Prove that only 1422 different four letter words can be formed out of the letters of the word INEFFECTIVE.

Answer 1

Hint: We can observe that the word INEFFECTIVE has 4 different letters, namely N, C, T and V, i.e. 3 E, 2 I and 2 F. So we will take 4 different cases to form a four letter word from these letters.
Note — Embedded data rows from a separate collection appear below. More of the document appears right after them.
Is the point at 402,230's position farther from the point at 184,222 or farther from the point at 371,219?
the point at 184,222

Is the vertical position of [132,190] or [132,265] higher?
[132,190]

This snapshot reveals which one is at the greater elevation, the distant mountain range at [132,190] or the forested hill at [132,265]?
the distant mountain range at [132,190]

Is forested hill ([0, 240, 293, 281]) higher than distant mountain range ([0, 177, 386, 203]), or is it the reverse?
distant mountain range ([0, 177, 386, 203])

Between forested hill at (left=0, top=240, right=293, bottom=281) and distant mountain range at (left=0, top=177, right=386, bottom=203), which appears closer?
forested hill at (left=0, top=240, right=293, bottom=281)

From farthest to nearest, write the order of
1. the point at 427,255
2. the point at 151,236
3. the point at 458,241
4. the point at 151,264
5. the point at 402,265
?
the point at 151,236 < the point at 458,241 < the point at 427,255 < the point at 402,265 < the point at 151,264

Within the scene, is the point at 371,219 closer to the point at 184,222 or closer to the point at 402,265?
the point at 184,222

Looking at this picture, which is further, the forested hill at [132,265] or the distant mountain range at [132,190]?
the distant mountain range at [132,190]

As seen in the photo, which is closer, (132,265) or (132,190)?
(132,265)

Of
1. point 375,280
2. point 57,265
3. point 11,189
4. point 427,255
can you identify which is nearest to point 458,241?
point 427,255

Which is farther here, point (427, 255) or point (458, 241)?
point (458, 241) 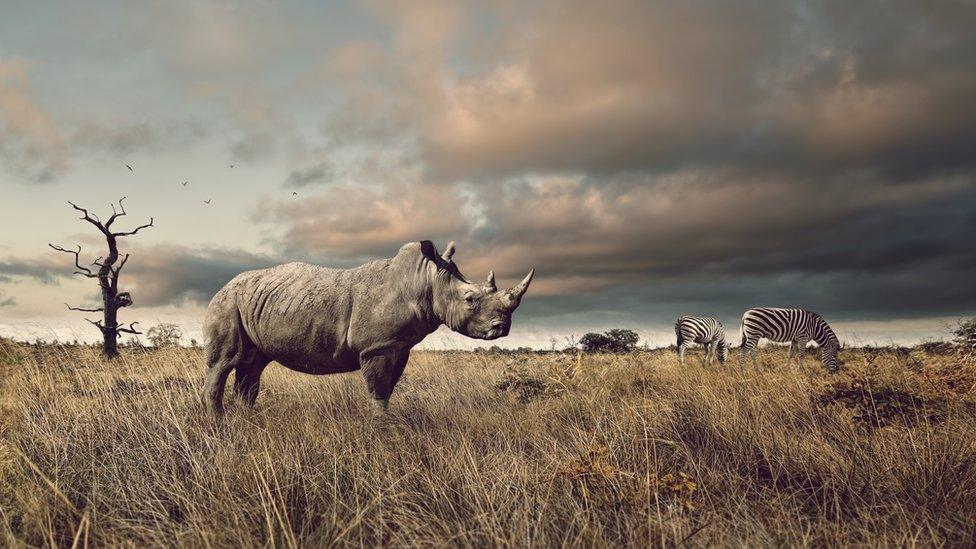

In the first case we will take all 4 different letters, in the second case we will take 2 same and 2 different letters, in the third case we will take 2 same and 2 same letters and the last case in which we will take 3 same and 1 different letters.
Complete step-by-step answer:
We have been given the word INEFFECTIVE.
We can observe that the word INEFFECTIVE has 4 different letters, namely N, C, T and V, i.e. 3E, 2I and 2F.
Now, we will take the first case in which all the letters of the four letter words are different.
Then the number of words would be as follows:
\[\begin{align}
  & ^{7}{{C}_{4}}\times 4!=\dfrac{7!}{\left( 7-4 \right)!4!}\times 4! \\
 & =\dfrac{7!}{\left( 7-4 \right)!}=\dfrac{7!}{3!}=\dfrac{7\times 6\times 5\times 4\times 3!}{3!} \\
 & =7\times 6\times 5\times 4=840 \\
\end{align}\]
Since we have 7 different letters E, I, F, N, C, T and V so we will select and arrange 4 letters among these.
Now, we will take the second case in which 2 letters are the same and the other two letters are different from the four letter words.
Then the number of words would be as follows:
\[\begin{align}
  & ^{3}{{C}_{1}}{{\times }^{6}}{{C}_{2}}\times \dfrac{4!}{2!}=3!\times \dfrac{6!}{\left( 6-2 \right)!\times 2!}\times \dfrac{4!}{2!} \\
 & =3!\times \dfrac{6!}{4!\times 2!}\times \dfrac{4!}{2!} \\
 & =3\times 2\times 1\times \dfrac{6\times 5\times 4\times 3\times 2!}{2!}\times \dfrac{4\times 3\times 2!}{2!} \\
 & =6\times 360\times 12=540 \\
\end{align}\]
Since we have 3 sets in which 2 letters are the same, so we have to choose any one from them and 6 letters are there which we choose 2 letters and arrange all the 4 letters keeping in mind 2 letters are the same. So we will divide it by 2.
Now we will take the third case in which 2 letters are of the same kind and the other 2 letters are of the same kind of the four letter words. We can also say that in this case, all letters of the word are the same.
Then, the number of words would be as follows:
\[\begin{align}
  & ^{3}{{C}_{2}}\times \dfrac{4!}{2!\times 2!}=\dfrac{3!}{\left( 3-2 \right)!2!}\times \dfrac{4!}{2!\times 2!} \\
 & =\dfrac{3!}{1\times 2!}\times \dfrac{4!}{2!\times 2!}=\dfrac{3\times 2!}{2!}\times \dfrac{4\times 3\times 2!}{2!\times 2\times 1} \\
 & =3\times \dfrac{12}{2}=3\times 6=18 \\
\end{align}\]
Since we have 3 sets of letters in which at least 2 letters are of the same kind, so we will have to select 2 sets from them and arrange it. Also the 2 sets have the same letters so we will divide it by \[2!\times 2!\].
Once again we will take the fourth case in which there are 3 same letters and 1 different letter of the fourth letter word.
Then the number of words would be as follows:
\[\begin{align}
  & ^{1}{{C}_{1}}{{\times }^{6}}{{C}_{1}}\times \dfrac{4!}{3!}=1\times 6\times \dfrac{4\times 3!}{3!} \\
 & =1\times 6\times 4=24 \\
\end{align}\]
Since there is one set in which all 3 are the same letters and 6 are different letters from which we select 1 letter and arrange all the four letters.
Hence, total number of words \[=840+540+18+24=1422\].
Hence it is proved that only 1422 different words that can be formed from the letters of the word INEFFECTIVE.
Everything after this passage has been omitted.